AnsweredAssumed Answered

streaming large datasets through the GPU

Question asked by bobrog on Feb 18, 2013
Latest reply on Feb 22, 2013 by bobrog

Hi all:


This is my first dab at GPU computing.  I am running on 64-bit Linux with 32GB

memory and an AMD 7770 GPU with 2GB memory.  The data set is large, (28GB for

the largest mesh) and will be streamed through the GPU in pieces for computation.

In the best of all worlds a simple 3-buffer scheme with each buffer controlled

by a separate queue would allow transfers to and from the GPU as well as the GPU

computation to run concurrently.


To set up the CPU buffers I have tried two methods:


    float* Data_s = (float*) valloc( size_S );

    if( mlock( Data_s, size_S ) != 0 )    printf("*Data_s not locked\n" );

    DATA_S = clCreateBuffer(context, CL_MEM_READ_WRITE | CL_MEM_USE_HOST_PTR, size_S, Data_s, &status);


    DATA_S = clCreateBuffer(context, CL_MEM_READ_WRITE | CL_MEM_ALLOC_HOST_PTR, size_S, NULL, &status);

    float* Data_s = (float*) clEnqueueMapBuffer(Queue_1, DATA_S, CL_TRUE, CL_MAP_READ|CL_MAP_WRITE, 0, size_S, 0, NULL, NULL, &status );


To set up the GPU buffers :

    cl_mem Buffer_s1 = clCreateBuffer(context, CL_MEM_READ_WRITE, size_s, NULL, &status);


The runs indicate that Kernel execution is overlapped but reads do not overlap writes.

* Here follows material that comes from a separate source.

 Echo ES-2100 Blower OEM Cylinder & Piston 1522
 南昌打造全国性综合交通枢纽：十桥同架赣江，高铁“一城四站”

The latter is a disappointment, but not totally unexpected.  For small meshes the

ALLOC_HOST_PTR method runs at full speed (same as the BufferBandwidth sample) but

the USE_HOST_PTR only runs at roughly 2/3 of that speed. 

For larger meshes the ALLOC_HOST_PTR methods fails at the MapBuffer call (error -12,

which the opencl spec 1.2 explicitly states cannot happen!), but the slower USE_HOST_PTR

method will handle the largest mesh (28GB).


Since the CPU <--> GPU transfers are the bottleneck for the code, I need a method

that gives the full transfer rates over the largest mesh.  There are several posts

on this forum about Maps of CPU buffers requiring buffer allocation on the GPU.

Has this been fixed or a work-around provided?  Also since the GCN family has dual

bi-directional DMA engines, does AMD expect to implement concurrent bi-directional transfers

in the future?


catalyst-13.1-linux-x86.x86_64    AMD-APP-SDK-v2.8-lnx64